Welcome to Day #7 of 100 Days of Travel. It’s a new world and a new type of traveling. For the next 100 days, I’m exploring Macedonia as safely as possible. Markovi Kuli is a short hike, but well worth it for the dramatic views of the landscape, 360-degree views of the Pelagonia valley, and exploring the castle ruins.
A Short History
Marko Mrnjavčević, a vassal king under the Ottoman Empire, has reams of historically accurate accounts. Then there are the stories of the legendary Prince Marko, a hero of Serbian folklore who sported a black mustache the size of a six-month-old lamb and wore a shaggy wolf-pelt for his coat. His weapon of a choice? A massive 85-kilogram mace, so heavy that he had to wear an equally weighted wineskin on his right side for balance (Marko is as legendary for his drinking as he is for his courageous feats). He lived to be 300 years old and rode a talking horse that drank. In both fact and fiction, these towers were his home.
Type of Hike: Dirt road, stone steps
Distance: 2 kilometers
Time: 1 hour
Starting Point: https://goo.gl/maps/
Finding the Trailhead
You can see Marko’s Towers and the iconic cross atop the summit from everywhere in the city. There’s a road with a few parking spots as well.
Photo Quick Tip: There are hundreds of electrical wires strung up all over the city, frequently blocking your epic shots of Marko’s Towers. Bide your time until you reach the trailhead and you will be rewarded with clutter-free views.
On the Hike
The official route here is a meandering road that climbs up Markovi Kuli. It’s also the route to the Mother of God monastery, a much longer hike in the area (about five hours), and well worth the effort.
At the saddle, take a left and within moments you’ll be clambering around the castle ruins. Follow the steps to the top and you’ve reached the cross. See? I told you it was easy.
The unofficial route is straight up from the signpost at the trailhead. It’s not clearly marked, and at times I suspected I was following a goat trail. Normally, I try to stick to assigned trails to prevent erosion, but with a thunderstorm bearing down on me I ran down the hillside.

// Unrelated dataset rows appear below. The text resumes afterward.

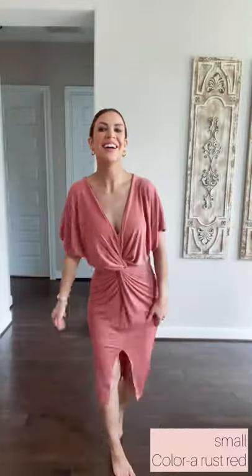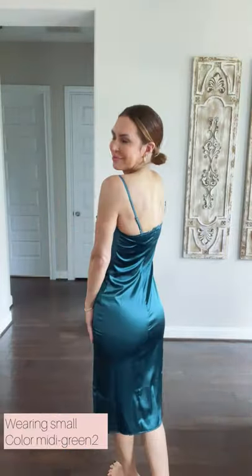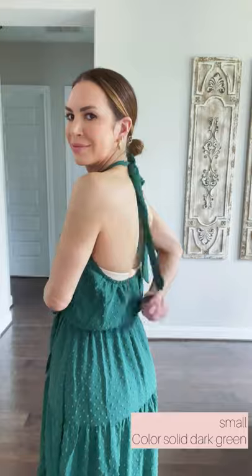Oh my god, if you get any dress make it this one — it is so flattering, it is so beautiful, I cannot say enough good things about this. Now this one is so gorgeous, the color is beautiful, but I don't think the quality is there. It would maybe last you one time.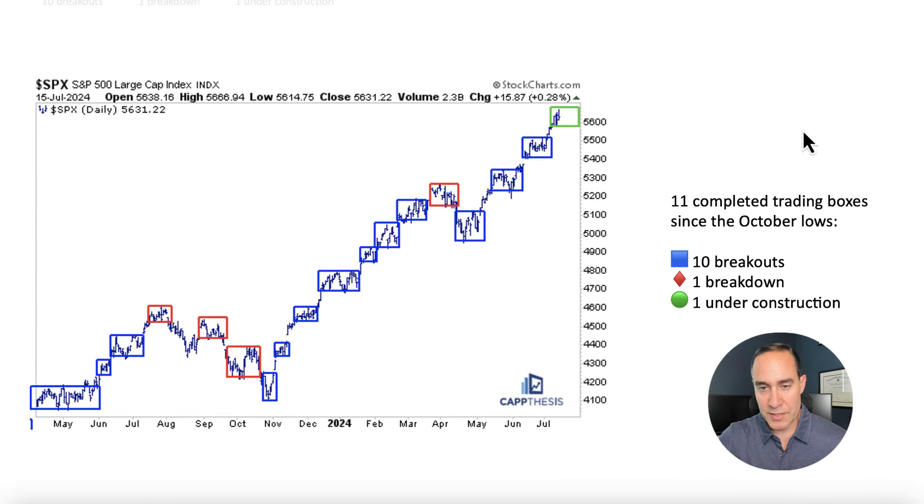If you look closely, there have been 11 completed trading boxes since the October low — 10 of them in blue having breakouts, and one being a breakdown. The significant part is that the breakdown did not result in a major momentum rollover. Even though that point could have been a major top — we had talked about it at the time as a potential bearish pattern — all of the potential bearish patterns so far have not played out, but that was the biggest one to get through. Right now we're still under construction for the next one. We treat each of these independently, because at some point one will have to break down lower. Thinking that any pause is going to be a major top has really not been the right way to play this market.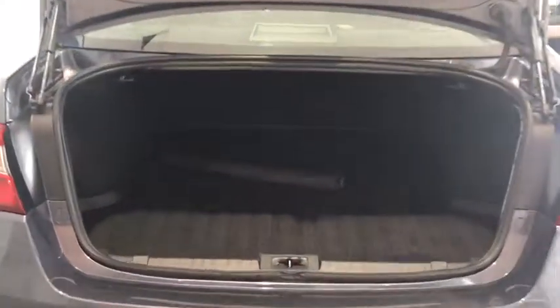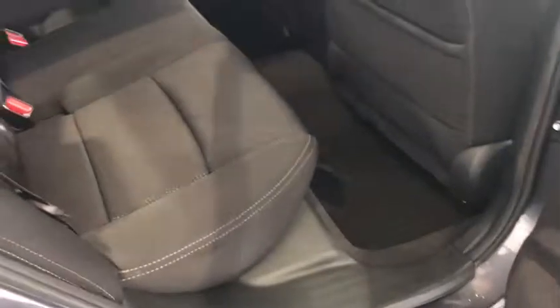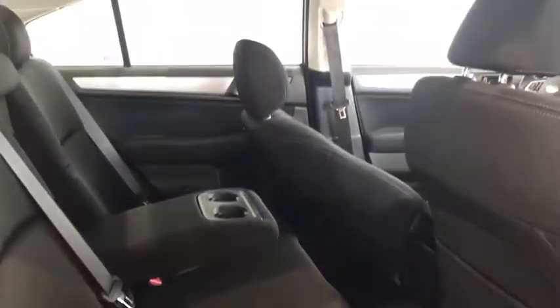In the back here you can see we have a hydraulic tailgate as well as all-weather mats in the cargo area. Coming around to the side, we have all-weather mats for your passengers as well as yourself in the driver's seat.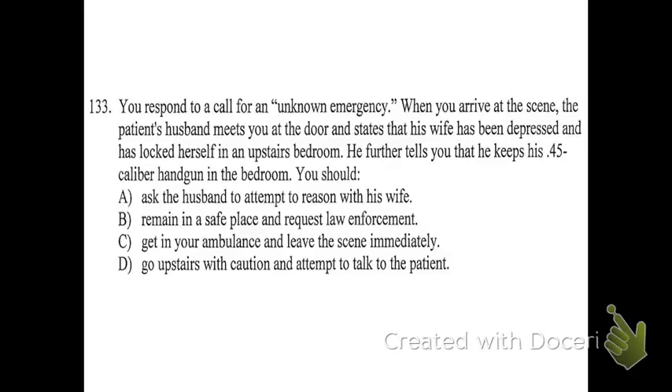Question number 133: you respond to a call for an unknown emergency. When you arrive at the scene, the patient's husband meets you at the door and states that his wife has been depressed and has locked herself in an upstairs bedroom. He further tells you that he keeps his .45 caliber handgun in the bedroom. What should you do? B is the only good answer. The appropriate choice is always to stay safe and get law enforcement involved. You don't ever get in your ambulance and just leave, but you also shouldn't try to handle it yourself.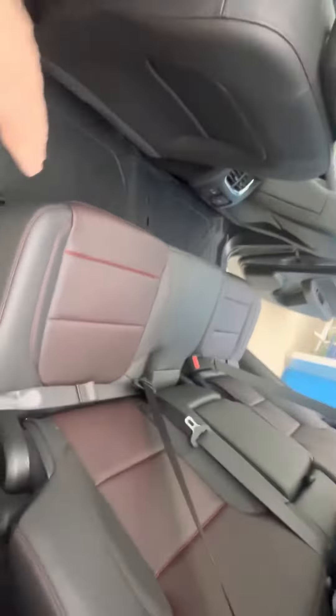It has heated seats, and this one has the big sunroof on it. I know you told me you're not crazy about the gray — I'm just showing you what I got. It's all blacked out letters, the Chevy logo, everything.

If you haven’t noticed, this entire area is a mecca for bouldering.
From the top, you have views of the entire city of Prilep and of the surrounding valley.

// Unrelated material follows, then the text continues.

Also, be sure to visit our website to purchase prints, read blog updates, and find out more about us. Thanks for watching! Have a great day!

Quick Tip: I use the Accuweather App for forecasts which gave me a fairly accurate timing for this thunderstorm, although I almost got drenched when I got sidetracked by a blackberry patch.
Details, Details, Details
Where to Stay: Prilep is small, but I’m finding it to be an ideal base for exploring the Pelegonia region of Macedonia.
Supplies: Stock up on fresh fruit and other local food at the Old Bazaar in the city center.
As promised, this is a super short, but satisfying hike that can be completed in under an hour. Most routes through Macedonia pass through this central city, so this hike can easily be added on during a road trip or one-night stopover via the train.